The volume of Arctic sea ice is reducing faster than the area of sea ice, further speeding the arctic death spiral.
WHO: Seymour W. Laxon, Katharine A. Giles, Andy L. Ridout, Duncan J. Wingham, Rosemary Willatt, Centre for Polar Observation and Modelling, Department of Earth Sciences, University College London, London, UK
Robert Cullen, Malcolm Davidson, European Space Agency, Noordwijk, The Netherlands
Ron Kwok, Jet Propulsion Laboratory, California Institute of Technology, Pasadena, California, USA.

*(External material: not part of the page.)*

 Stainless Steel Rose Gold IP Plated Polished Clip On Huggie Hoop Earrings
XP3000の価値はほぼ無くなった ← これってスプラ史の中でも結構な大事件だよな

Axel Schweiger, Jinlun Zhang, Polar Science Center, Applied Physics Laboratory, University of Washington, Seattle, Washington, USA
Christian Haas, Department of Earth and Space Science and Engineering, York University, Toronto, Canada.

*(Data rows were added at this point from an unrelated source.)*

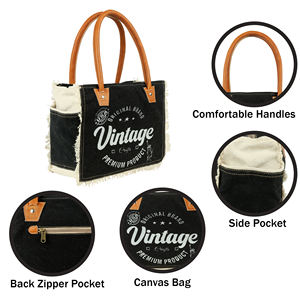 Sac fourre-tout rétro de grande capacité pour femmes avec poignée en cuir motif de lettre en toile écologique pour les voyages et les cadeaux - Product Image 2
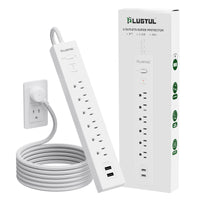 PLUGTUL 6 Outlet Surge Protector Power Strip with 2 USB Ports, 980 Joules, 14 AWG, 6FT Flat Plug, Wall Mount, ETL Listed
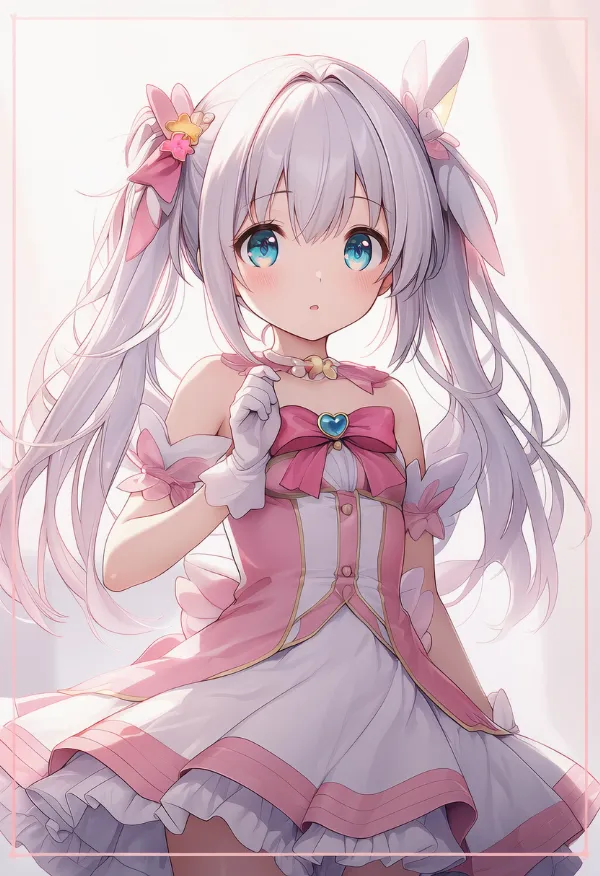 ペチコートでスカートにボリュームを出した魔法少女のAIイラスト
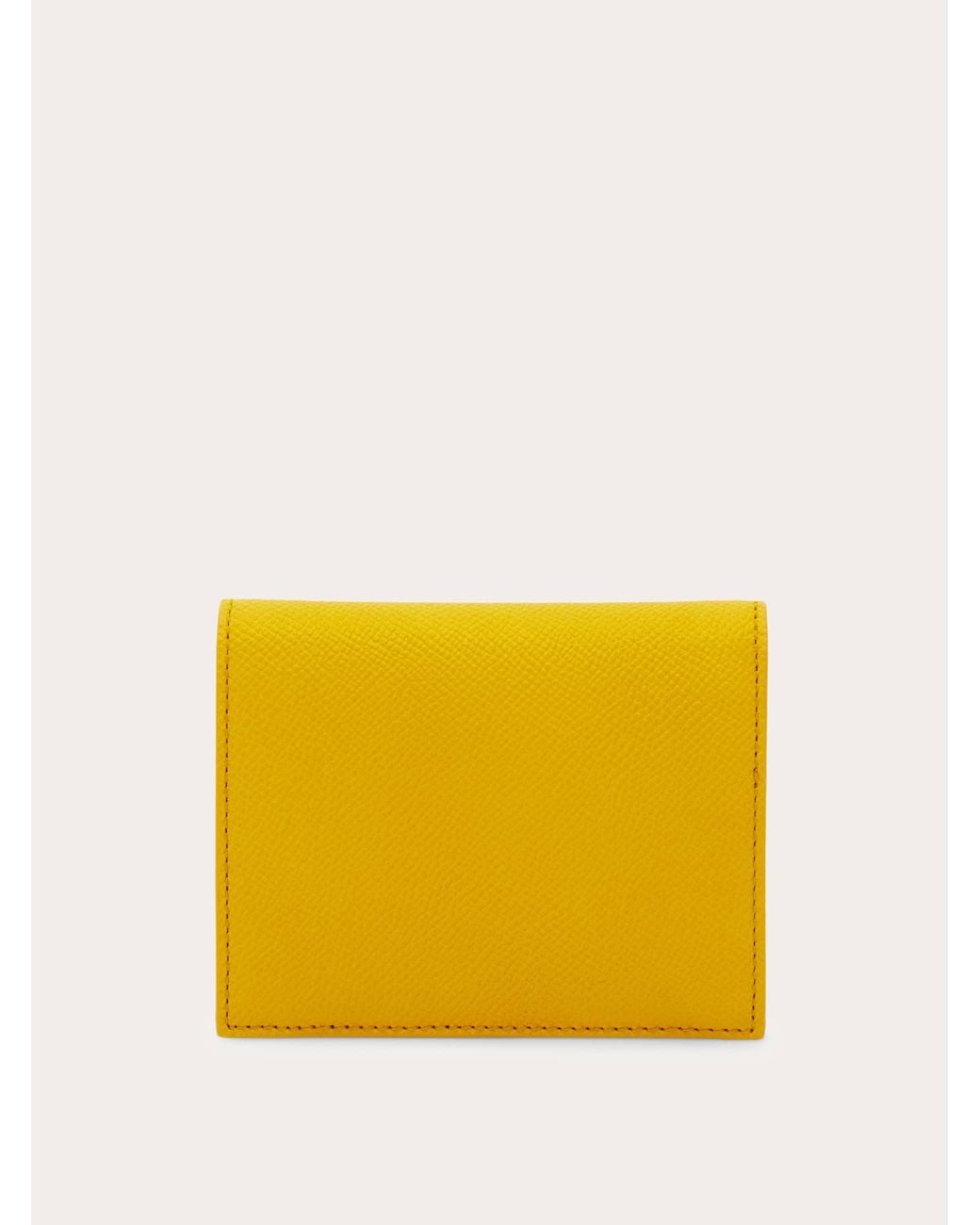 Ferragamo Yellow Gancini Compact Wallet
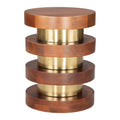 Marigot Side Table Zuo 109774 | Mango Wood, Electroplated Iron | Walnut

Stefan Hendricks, Alfred Wegener Institute for Polar and Marine Research, Bremerhaven, Germany
Richard Krishfield, Woods Hole Oceanographic Institution, Woods Hole, Massachusetts, USA
Nathan Kurtz,School of Computer, Math, and Natural Sciences, Morgan State University, Baltimore, Maryland, USA.
Sinead Farrell, Earth System Science Interdisciplinary Center, University of Maryland, Maryland, USA.

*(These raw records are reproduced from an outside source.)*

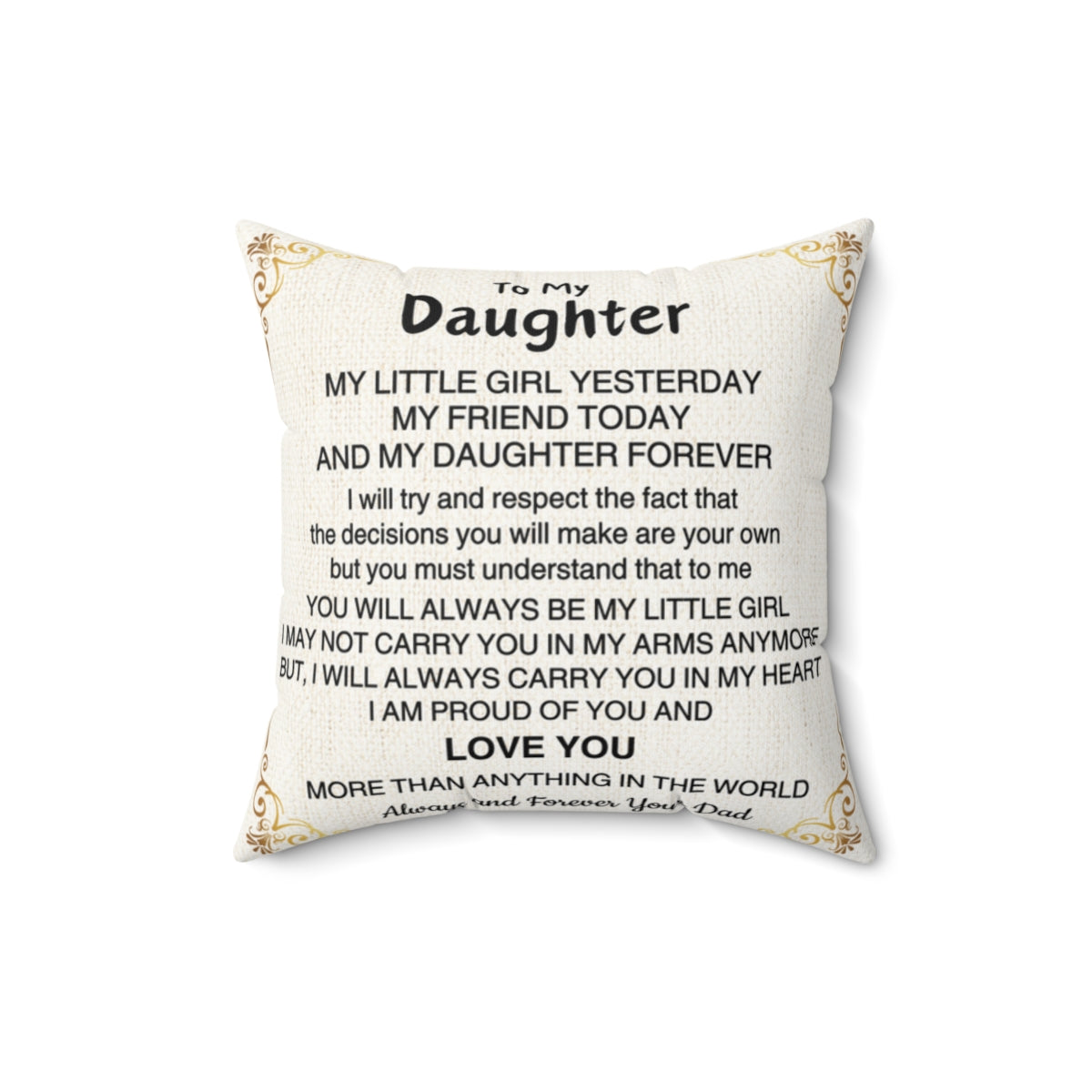 Personalized | To My Daughter |  Pillow and Cover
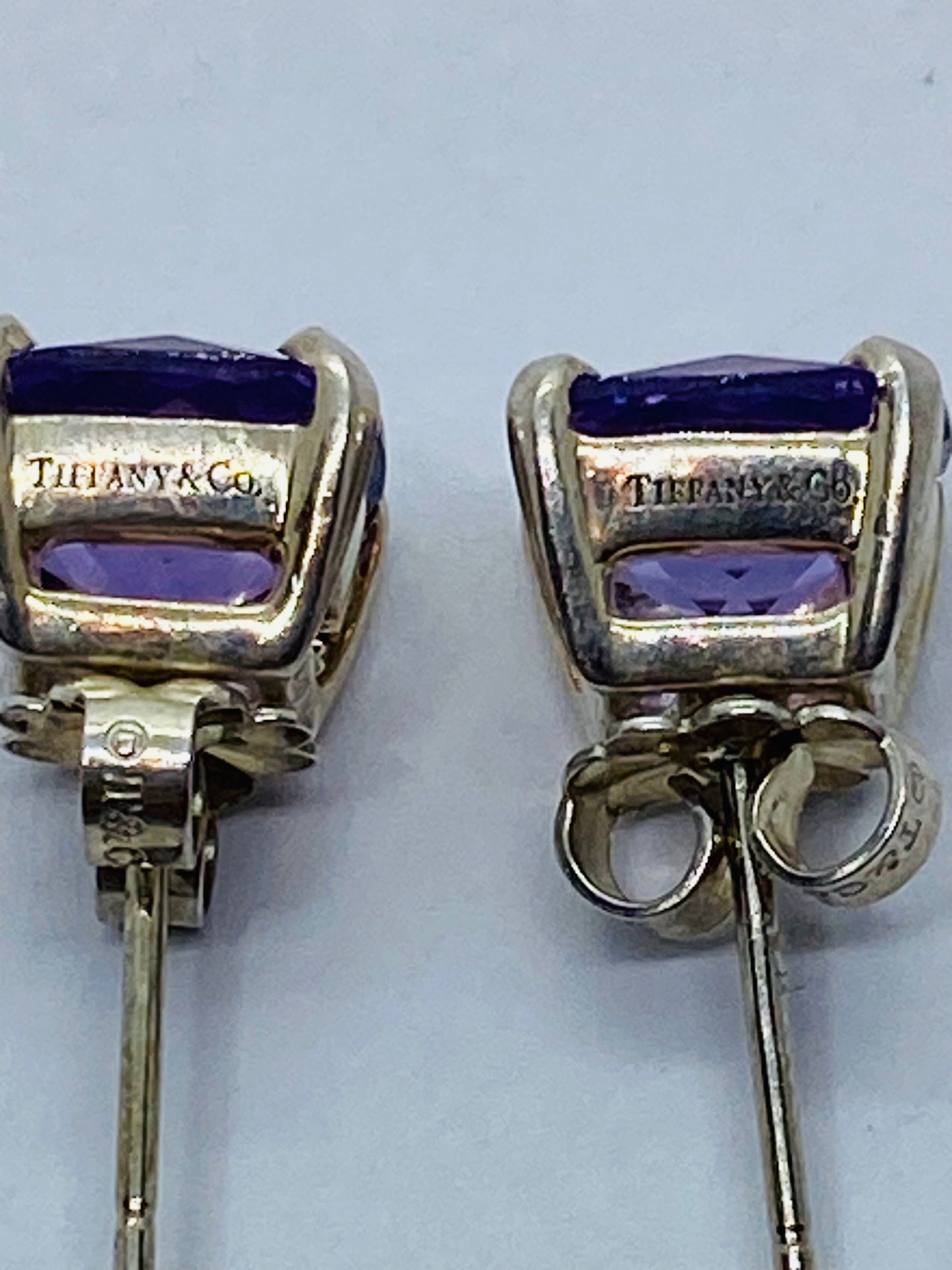 Tiffany & Co. Sparklers Cushion Shape Amethyst Sterling Silver Stud Earrings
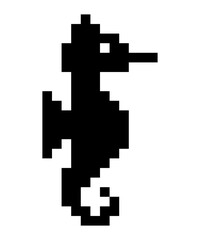 Obraz premium cute seahorses. Pixel art line icon. monochrome retro art. fun design.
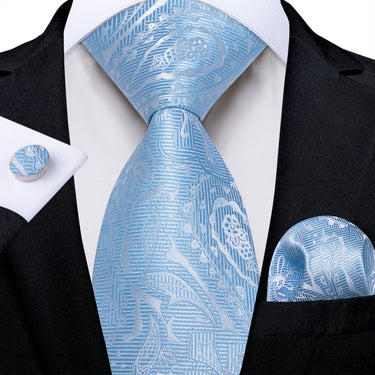 Light Blue Floral Men's Tie Pocket Square Handkerchief Set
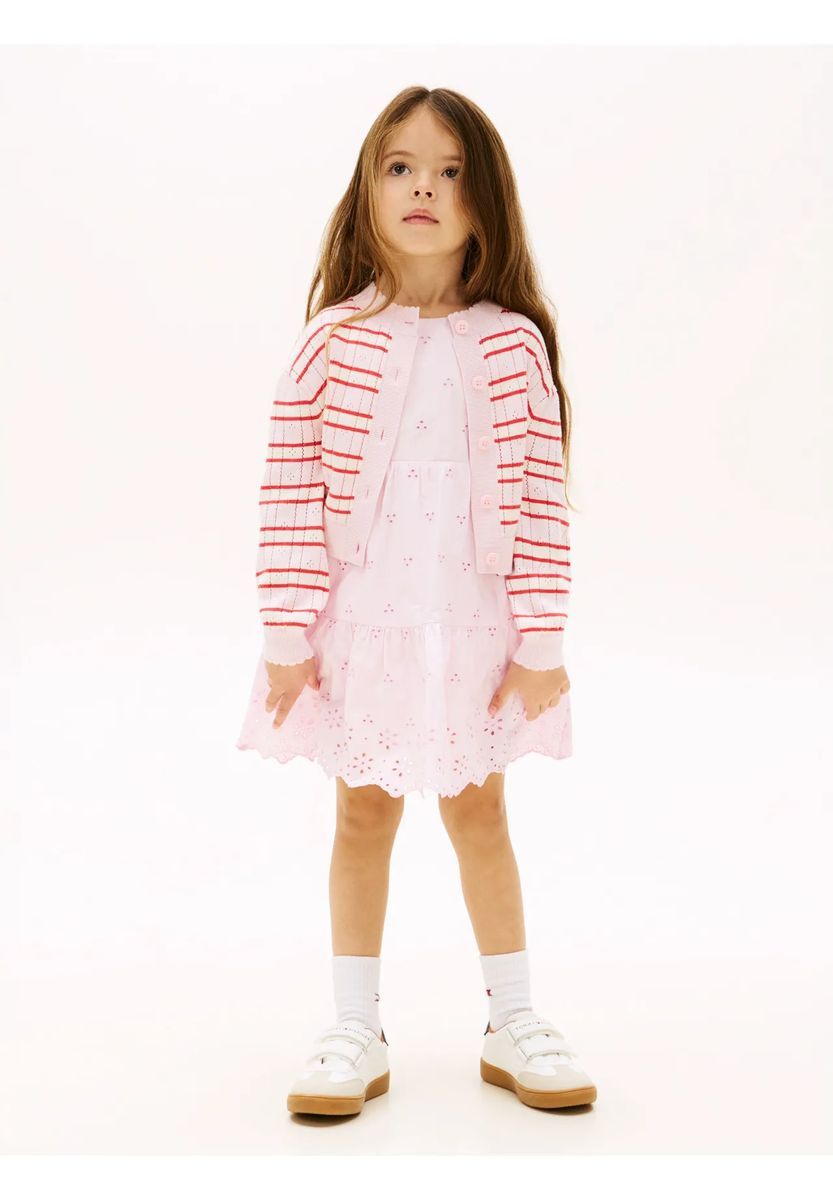 Mädchen Strickjacke rosa gestreift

WHAT: Measuring the volume of polar ice melt
WHEN: February 2013 (online pre-published version)
WHERE: American Geophysical Union, 2013, doi: 10.1002/grl.50193
TITLE: CryoSat-2 estimates of Arctic sea ice thickness and volume (subs req.)
Much has been written about the Arctic Death Spiral of sea ice melting each spring and summer, with many researchers attempting to model and predict exactly how fast the sea ice is melting and when we will get the horrifying reality of an ice-free summer Arctic.
But is it just melting at the edges? Or is the thickness, and therefore the volume of sea ice being reduced as well? That’s what these researchers set out to try and find out using satellite data from CryoSat-2 (Science with satellites!).
The researchers used satellite radar altimeter measurements of sea ice thickness, and then compared their results with measured in-situ data as well as other Arctic sea ice models.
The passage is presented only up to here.